Perdido 03

Perdido 03

Thursday, January 12, 2012

Cuomo And Bloomberg Say New York Has Education Crisis, CNBC and ED WEEK Say "Not So!"

First, here's Governor 1%'s reaction to Bloomberg's straight up attack on teachers and the teachers unions in today's State of the City speech:

“I commend Mayor Bloomberg for outlining a positive vision for New York City’s future and the most important part of building that future, our students. The State and City’s education system is facing a crisis in accountability and performance. Our continuing pattern of being number one in the nation on spending in education and thirty-eighth in graduation rates hurts our students across the State, including the over 1.1 million public school students in New York City.

As I said in my State of the State Address, and Mayor Bloomberg reiterated in his State of the City today, we need an education system that puts students first. Both the Mayor and I agree that this starts with implementing a teacher evaluation system that holds teachers accountable for their performance. I look forward to working together to create an accountability system that puts the interests of students ahead of the interests of the education bureaucracy."



Now here's the NYSUT on two recent surveys - one by the Gates Foundation-funded ED WEEK and one by the business cable network CNBC - that both found New York State was NOT experiencing an education crisis:

“Ed Week’s ‘Quality Counts’ report once again recognizes the successes achieved by New York’s hard-working and dedicated educators,” said New York State United Teachers President Richard C. Iannuzzi. “While there is much work that still needs to be done, this ranking, right up there with the best, validates what has already been achieved.”

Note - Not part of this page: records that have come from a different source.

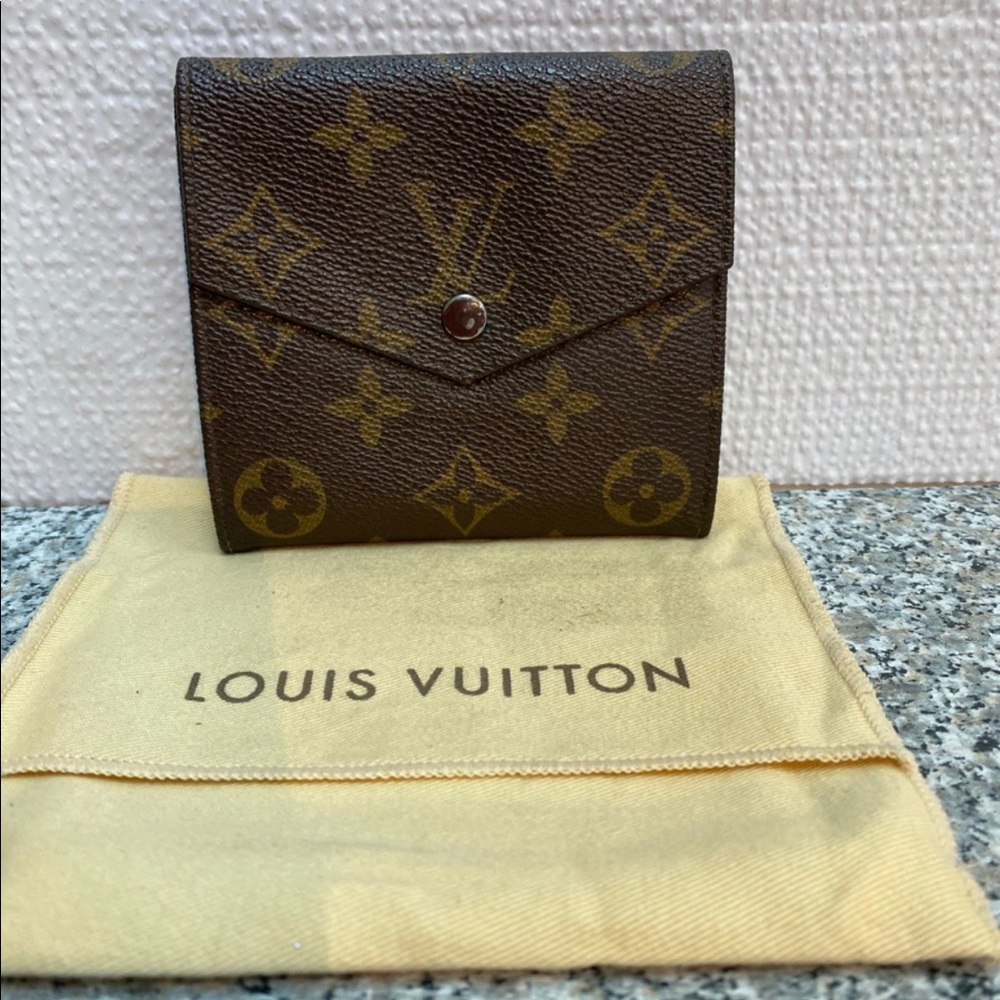Louis Vuitton Vintage Elise Wallet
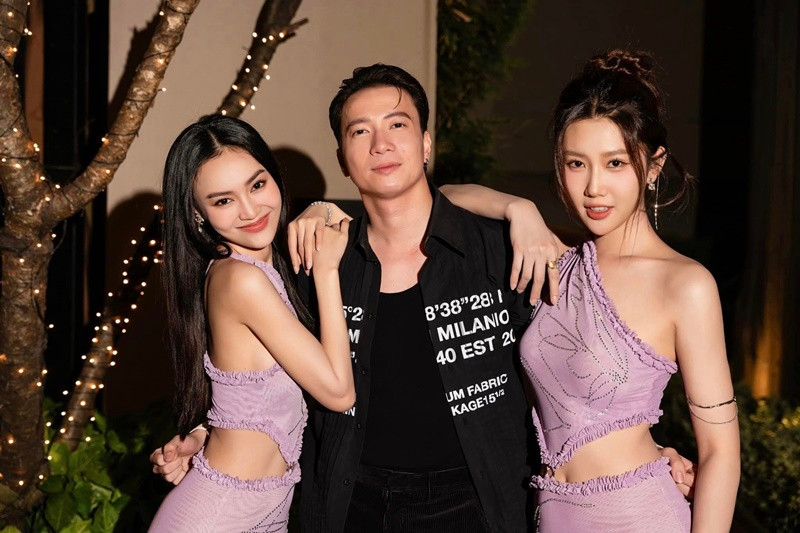 S.T Sơn Thạch thân thiết với cả Lan Ngọc và Thúy Ngân.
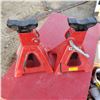 Image 1 : pair of 3 ton jack stands motomaster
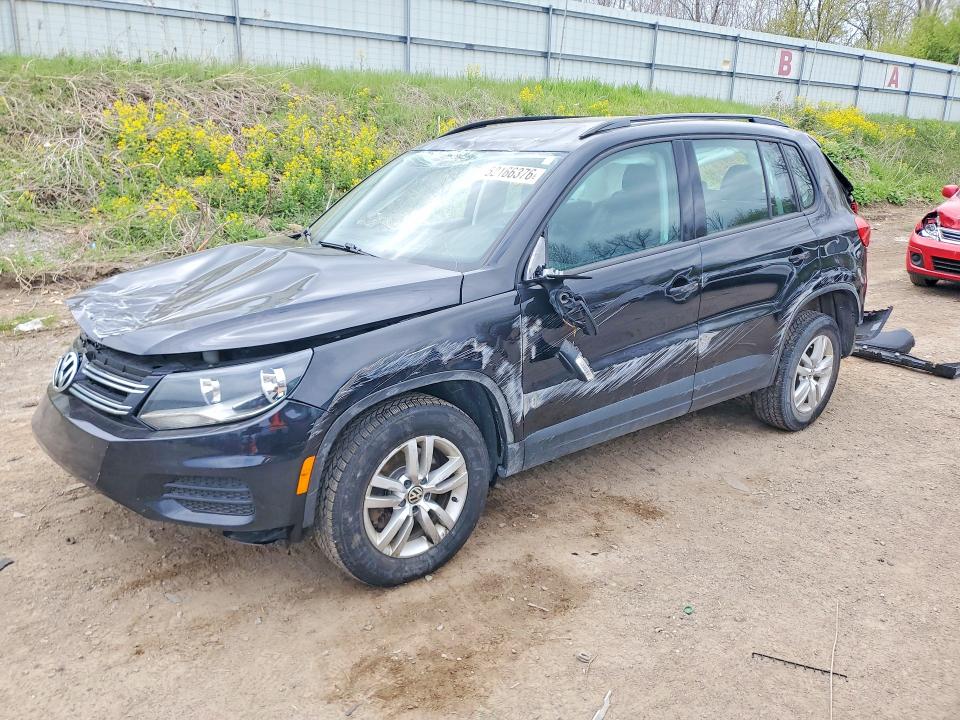 Auction sale of the 2017 Volkswagen Tiguan, vin: WVGAV7AX4HK000203, lot number: 52166376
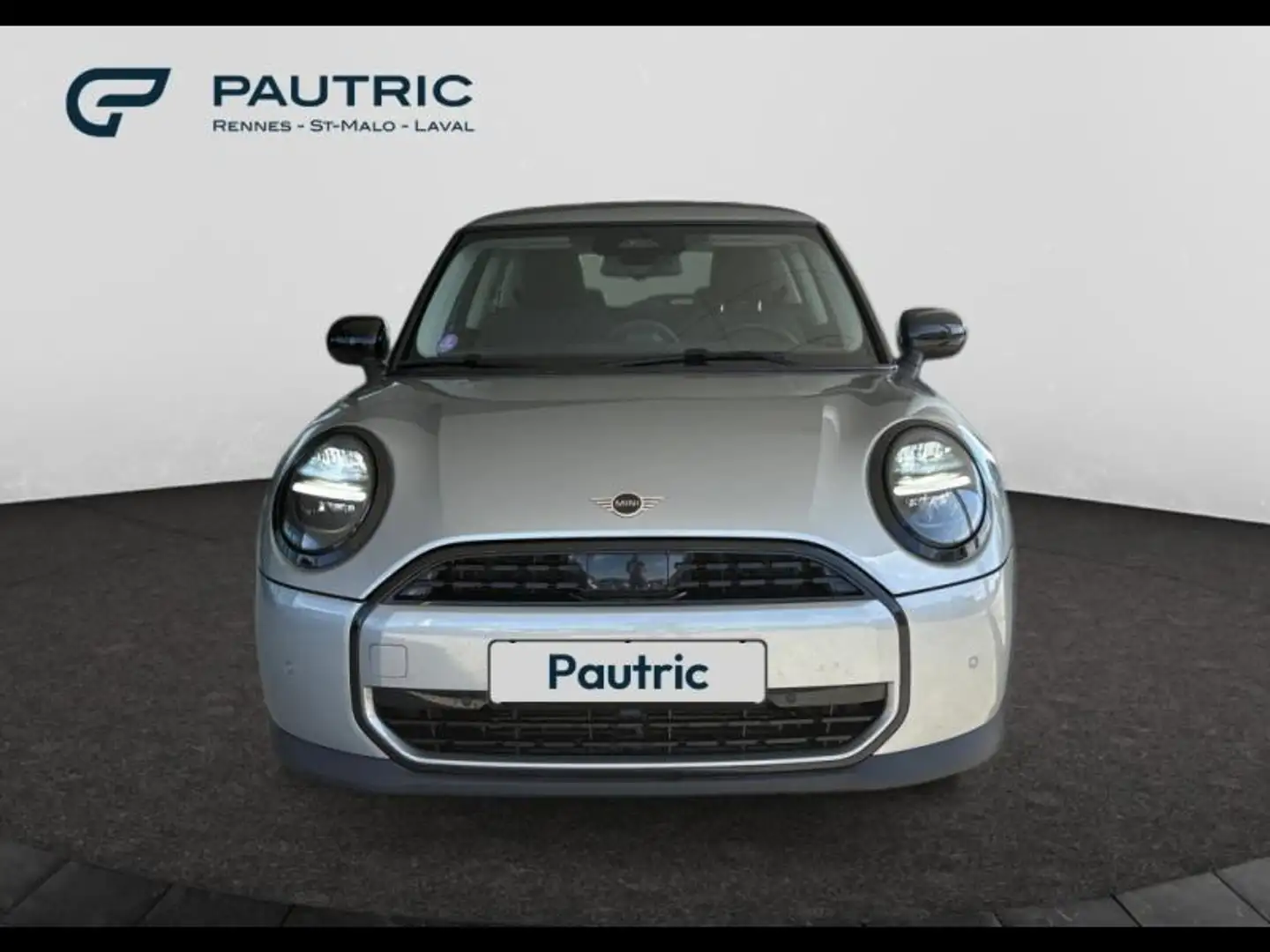 2024 MINI Cooper, 86.600 km, Frankreich — Foto 8 z 12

“Quality Counts” was released the day after the announcement of two other indicators that public education in New York is on the right track:

  • CNBC issued a report showing that education in New York was tops in the nation in 2011. The television network, which specializes in business reporting, looked at the state’s educated pool of workers; colleges and universities; research and development partnerships; and K-12 schools as a quality of life issue for employees.
  • More than 100 students from across the state were named semi-finalists in the prestigious Intel Science Talent Search, the nation’s most prestigious pre-college science competition. New York students represent approximately one-third of all the semi-finalists.

“Educators in New York are committed to ensuring that our children succeed,” said NYSUT Vice President Maria Neira. “These rankings — presented without the taint of politics or ideology — demonstrate that, despite what some naysayers claim, we’re doing a good job and the students in our state are the benefactors. It’s time we start celebrating our schools.”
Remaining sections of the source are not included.